A visit to the homepage of healthcare.gov, the official site of Affordable Care Act, makes no mention of its possible unraveling thanks to the American Health Care Act. The Republican counterproposal to the Affordable Care Act survived a House vote yesterday. The bill must now face a vote of the Senate, with many believing the AHCA won’t become law without some major revisions. Its House passage, however, has been touted by many of President Trump’s supporters, and the president himself, as a huge victory. Much like the ACA’s Democratic party-line passage of the ACA in 2010, the AHCA passed despite not garnering a single Democrat’s vote, as well as the inability to convince 20 Republicans of the replacement’s merits.
As for the bill:
If passed, the law would allow consumers the ability to buy insurance outside of marketplaces created by the ACA and it does away with the personal mandate.

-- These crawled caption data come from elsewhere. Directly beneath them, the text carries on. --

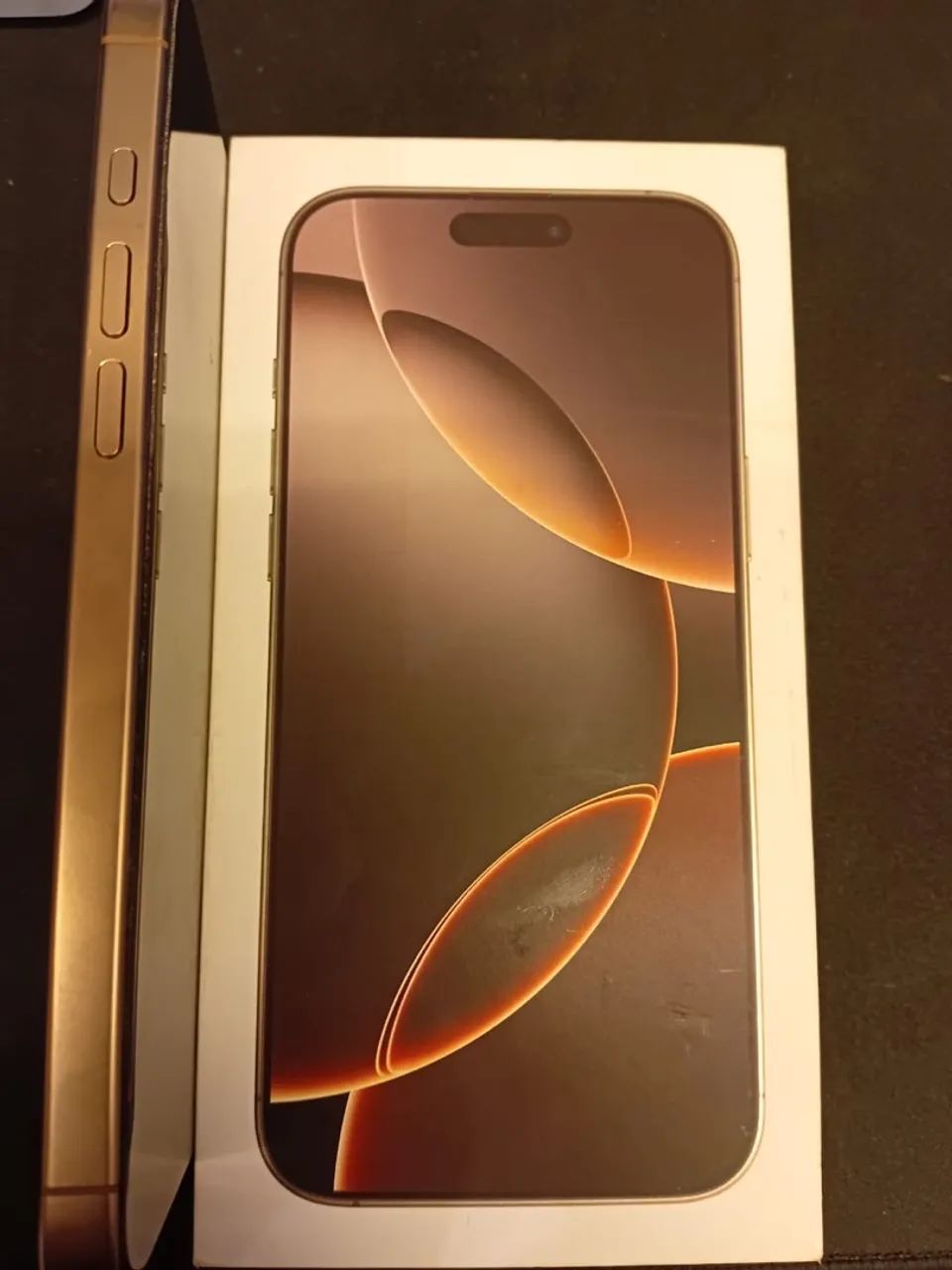 iPhone 16 pro max 256gb 100% de bateria com garantia Apple ainda cabo caixa e nota  - Foto 2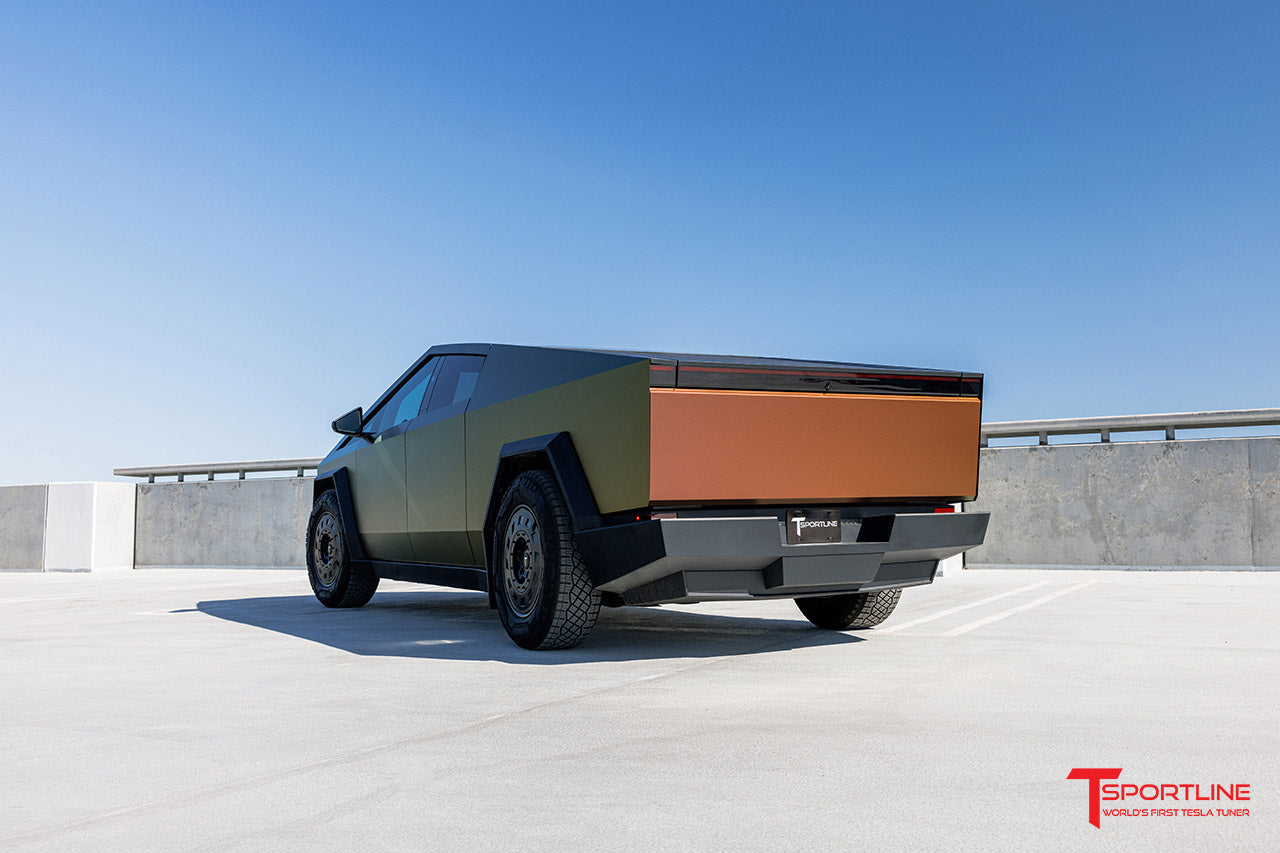 Tesla Cybertruck 20" T Sportline TCT AeroMaxx Wheel and Tire Package (Set of 4)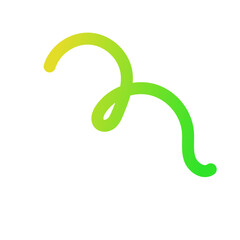 Obraz premium Abstract Line Gradient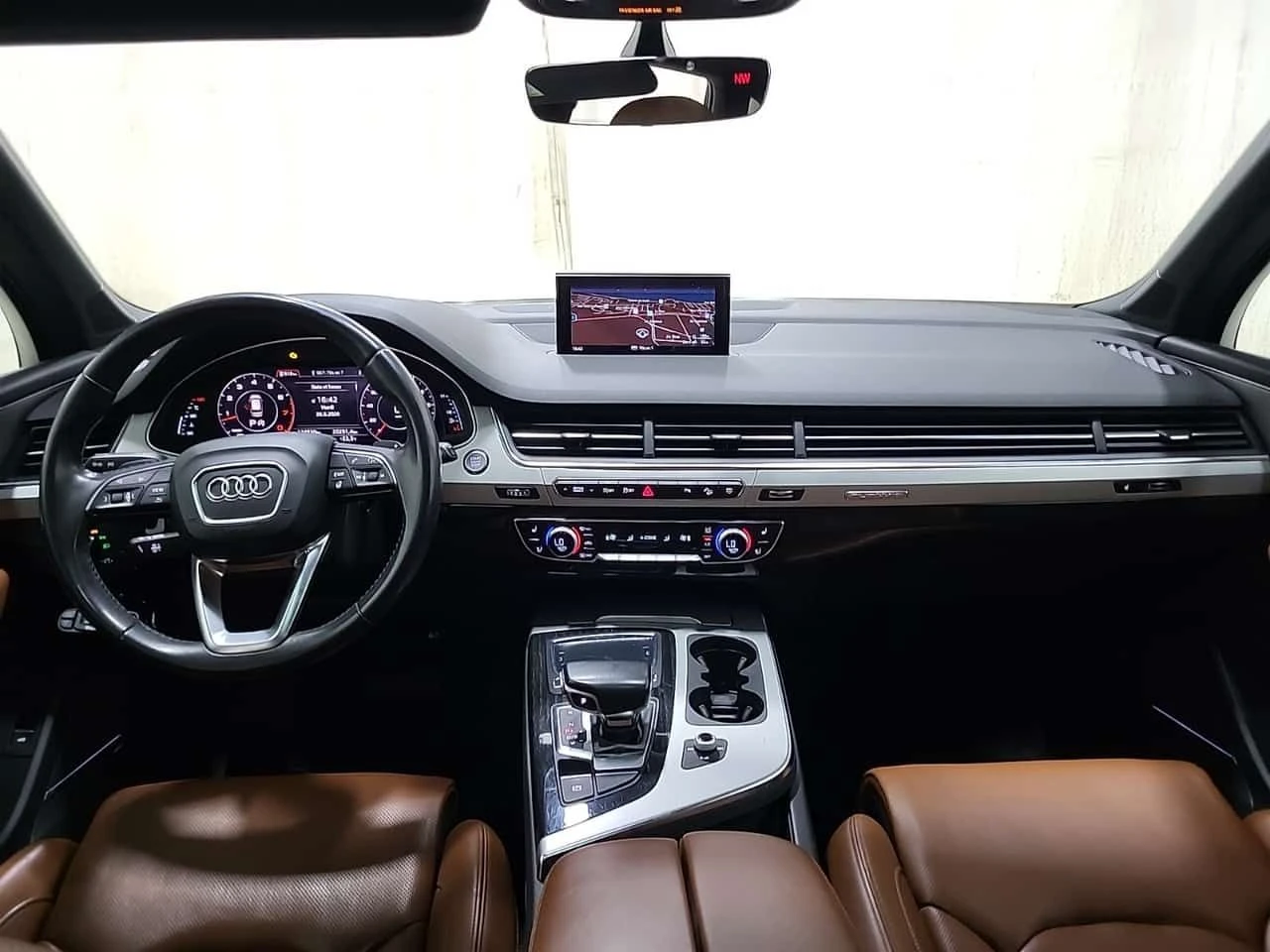 Audi Q7 * Technik * MATRIX * АВТОКРЕДИТ, снимка 10 - Автомобили и джипове - 54687459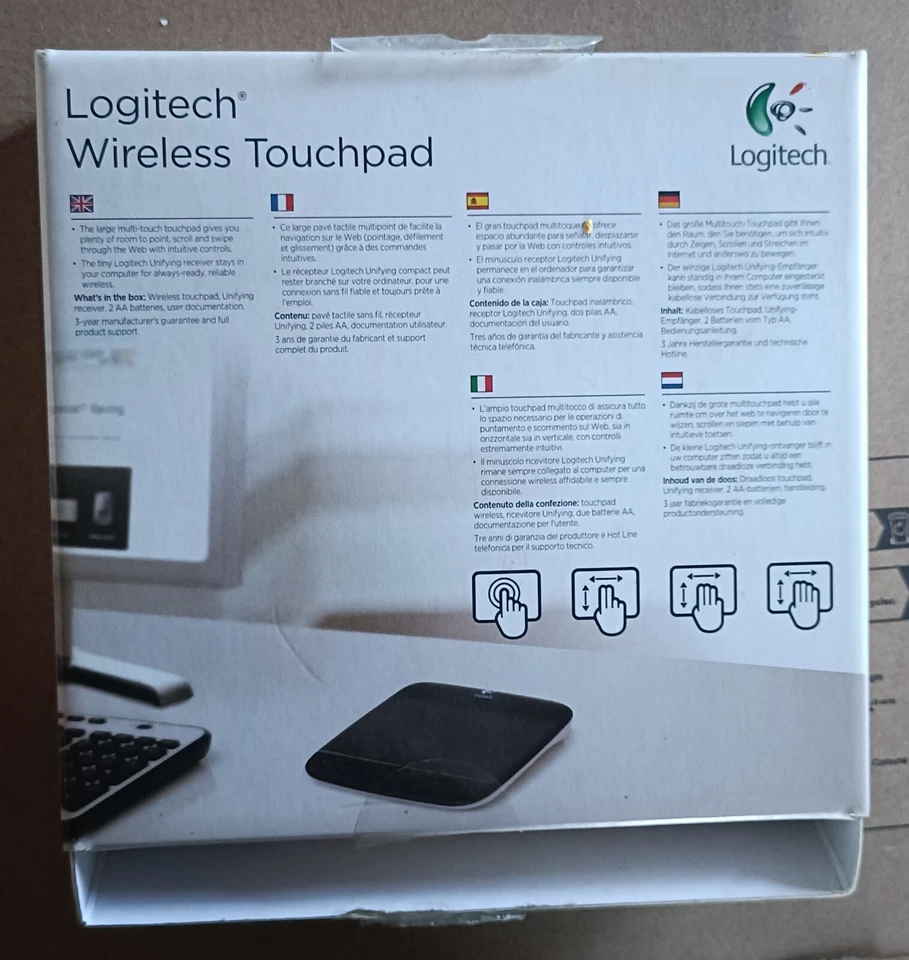 Logitech Wireless Touchpad introvabile a questo prezzo - Immagine 2 di 3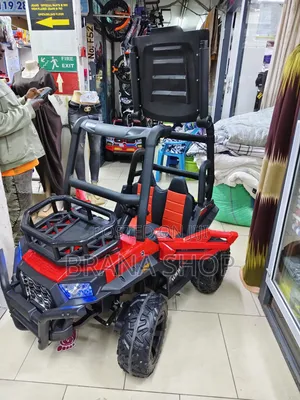 Kids Electric Jeep – Rechargeable Ride-on SUV With LED Lights Music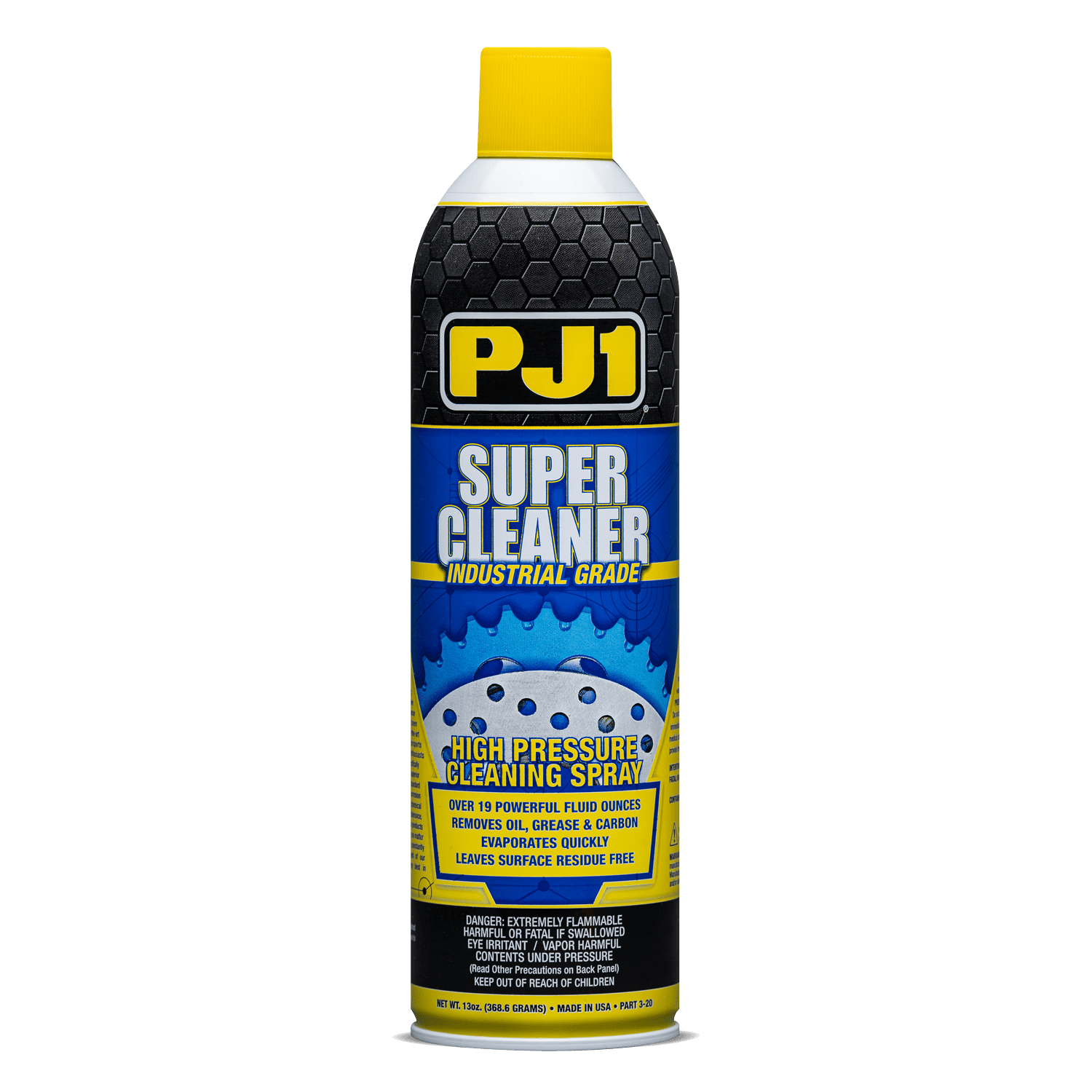 Super Cleaner California Compliant 19 Fl Oz by PJ1 45372 Brake Cleaner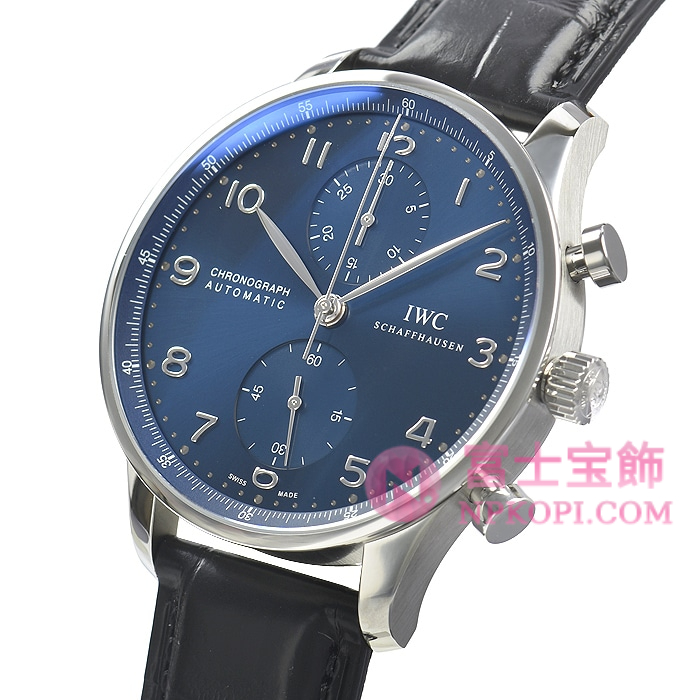IWC自動巻き時計ポルトギーゼ・クロノグラフ IW371491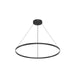 Kuzco Lighting - PD87148-BK - LED Pendant - Cerchio - Black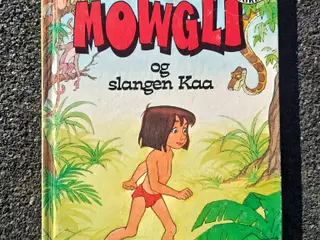Disneys Mowgli og slangen Kaa BOG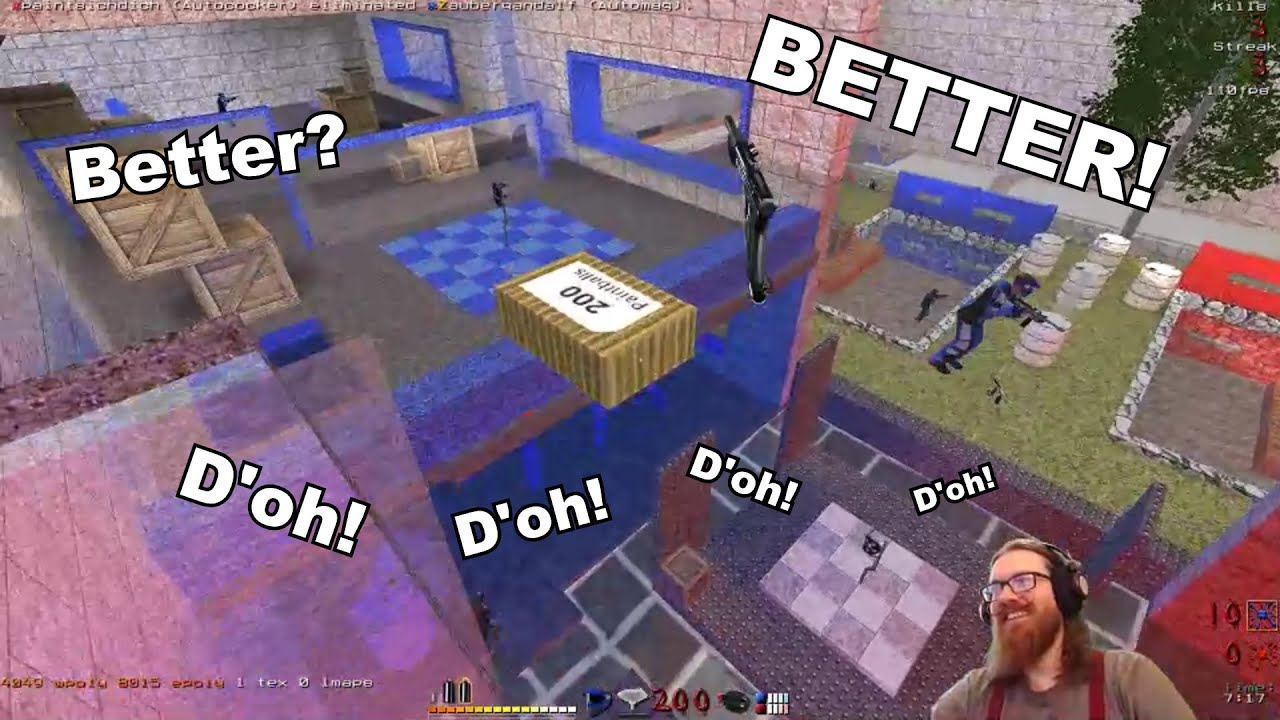 Digital Paint: Paintball 2 Compilation 9 - Better? BETTER! D'oh!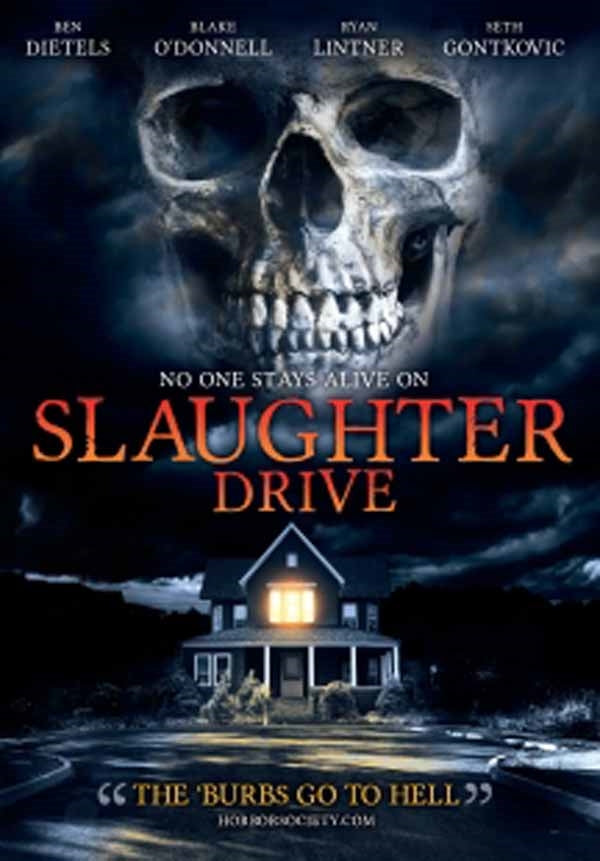 Feature Film - Slaughter Drive - Film/TV/Character - DVD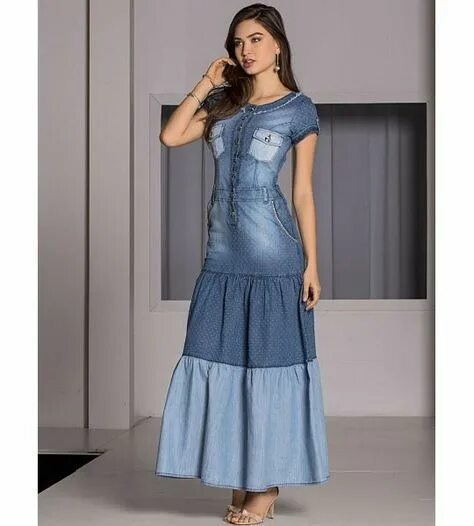 Платья джинс фото Идеи на тему "Джинсы" (94) джинсы, джинсовые поделки, старые джинсы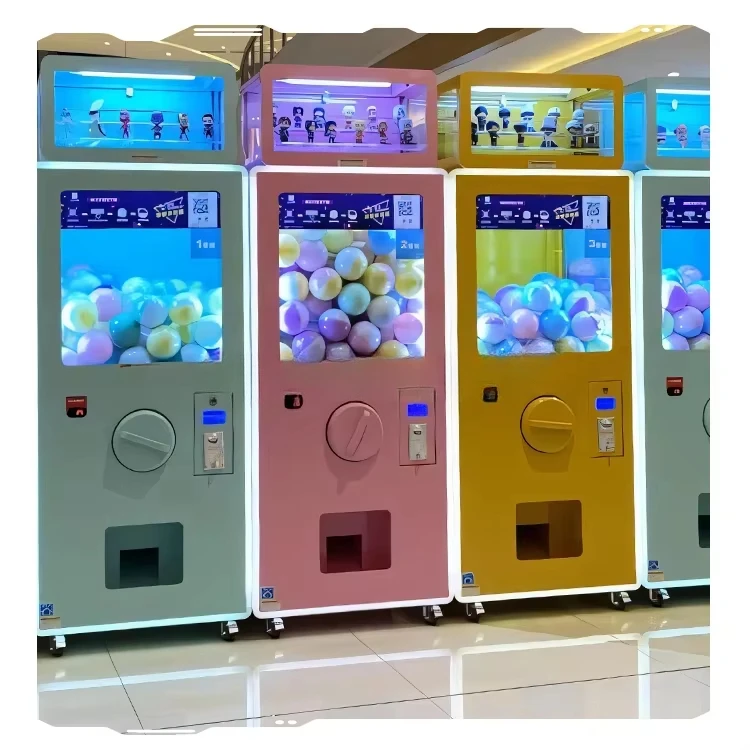 Factory Wholesale Top Quality Coin Operated  Toy Vending Machine Gacha Gashapon Vending Machine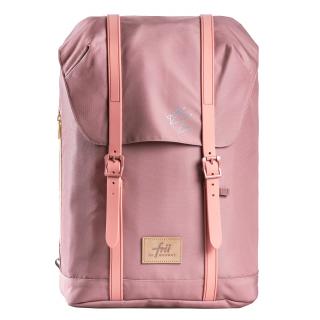 Ergonomický školní batoh Frii of Norway 30L Dusty Pink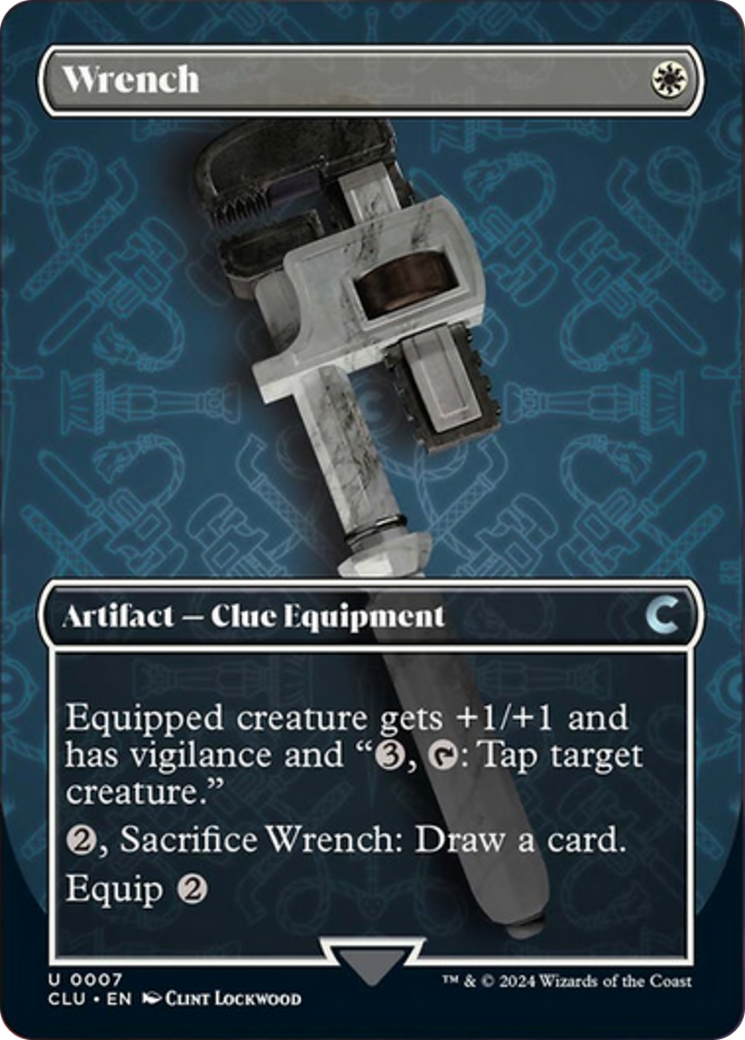 Wrench (Borderless) [Ravnica: Clue Edition] MTG Single Magic: The Gathering    | Red Claw Gaming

“In place of that mandate, the bill encourages people to maintain coverage by prohibiting insurance companies from cutting them off or charging more for pre-existing conditions as long as their insurance doesn’t lapse. If coverage is interrupted for more than 63 days, however, insurers can charge people a 30 percent penalty over their premium for one year,” according to National Public Radio, which goes on to state, “The House plan would eliminate the income-based tax credits and subsidies available under the Affordable Care Act, replacing them with age-based tax credits ranging from $2,000 a year for people in their 20s to $4,000 a year for those older than 60.”
NPR provides a link to a Kaiser Family Foundation interactive map, which shows how the change would affect specific parts of the country.
As for state waivers, the bill would allow for optional, state-level repeals of the ACA and provide states the ability to opt out of many regulations and consumer protections included in the ACA. The waivers would allow insurance companies to charge older people more than five times what is charged to young people for the same policy; eliminate required coverage, called essential health benefits, including mental health access, maternity care and prescription drugs required under the ACA; and charge more for or deny coverage to people who have pre-existing conditions.
“The waivers could also impact people with employer-based insurance, because insurers could offer policies that have annual and lifetime benefit limits, which are banned under the Affordable Care Act, and some companies may choose those policies for their workers to lower premiums,” according to NPR.
Provisions in the new bill however, including waivers and grants, mean it is still unclear how changes would affect March’s CBO score.